**How to complete this task**: The full listing, written out exactly and without images, is the expected result.
──────── Recorded data ────────
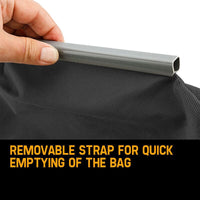 UNIMAC 60L Wet & Dry Vacuum Cleaner- 5x Paper Filter bags Dust Replacement Kings Warehouse 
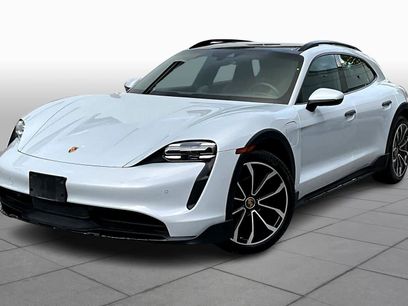 Used 2022 Porsche Taycan 4 Cross Turismo
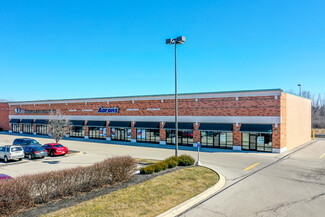 Dayton, OH Office/Retail - 4468-4494 Brandt Pike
────────
**Reply to the task**:
 UNIMAC 60L Wet & Dry Vacuum Cleaner- 5x Paper Filter bags Dust Replacement Kings Warehouse 
 Used 2022 Porsche Taycan 4 Cross Turismo
 Dayton, OH Office/Retail - 4468-4494 Brandt Pike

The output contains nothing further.